The withdrawal of four host local churches from the Out of the Cold shelter program in Waterloo Region is an indication that things are moving in the right direction, says the CEO of the Waterloo Region YWCA.

The program, which has been running at capacity since it launched 15 years ago, can now only offer shelter and meals to homeless people for four days of the week, instead of seven.

But Elizabeth Clarke, the CEO of the Waterloo Region YWCA, says this is a good news story. The YWCA operates Mary's Place, a year-round shelter for women, families and transgender people. 

"It's not the loss itself, but I think the reason for the loss," said Clarke when asked why she thought the withdrawals were a good news story. 

"I think the churches that have made the decision to step away have done it on the understanding that they are really not necessary at this point."

Clarke says that when the Out of the Cold program began in Waterloo Region 15 years ago, there was a problem with shelter capacity in the region. Local shelters were smaller, did not have as much funding and could not meet the needs of the growing number of homeless people. 

"We don't have capacity issues anymore, but the churches were so popular with some of the people that they served, that they became the shelter of choice," said Clarke. 

She said that people who went to the Out of the Cold program liked that they could be anonymous at the churches, they felt there were no expectations were placed on them, and the church volunteers were friendly. Shelters are now much better equipped to deal with the needs of people – including those with mental health issues – who may use programs like Out of the Cold, she said.

KW Out of the Cold could not be reached for comment. 

Other shelters, region ready to help out

Lynn Randall, the director of social policy and planning at the Region of Waterloo, says that the existing shelter system is able to take on clients who had been using Out of the Cold.

"Capacity within the program is flexible and with the ability to utilize motels if extra spaces is required.

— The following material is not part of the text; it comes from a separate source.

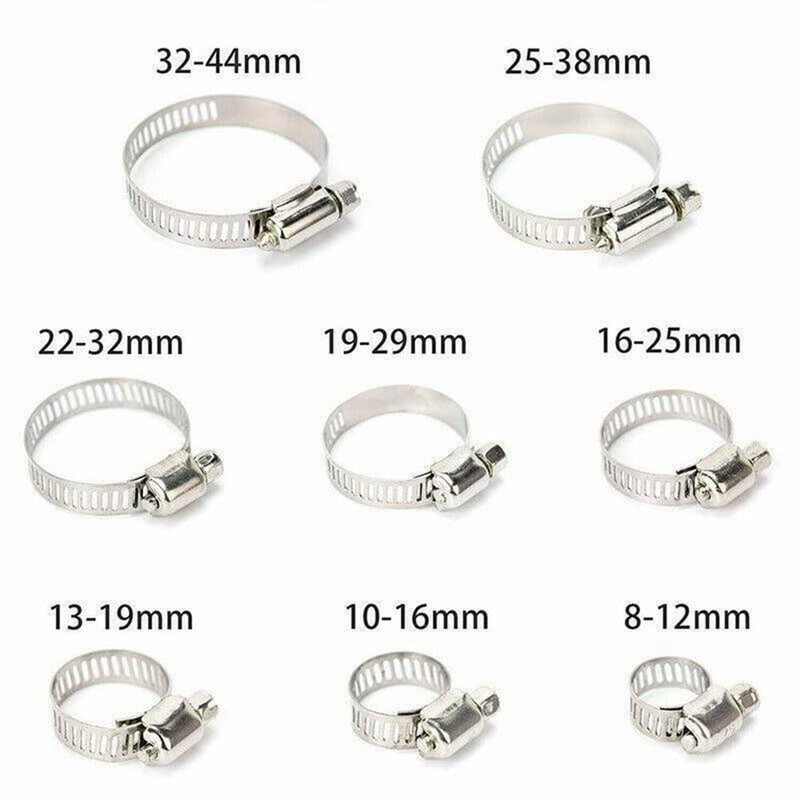 91pcs Hose Clamp Set with Z Wrench, Stainless Steel Adjustable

So while an individual shelter may be busy on any given night, there is always room in the system overall to accommodate," she said. 

The region also provides funding and resources to transport clients to different shelters if one shelter is is full, said Randall.

Meanwhile the Charles St. Men's Hostel saw a drop in demand during the winter months while the Out of the Cold program was operating last year says Ron Flaming, the director of the Residential Services Program at the House of Friendship.

"We're still here and operating and supporting people who are experiencing homelessness and we can respond to that emergency need. What's really needed is supportive housing that can be a permanent home for people, so people don't have to be homeless," he said. 

Flaming says the House of Friendship is ready and able to help people who can't access the Out of the Cold program this year.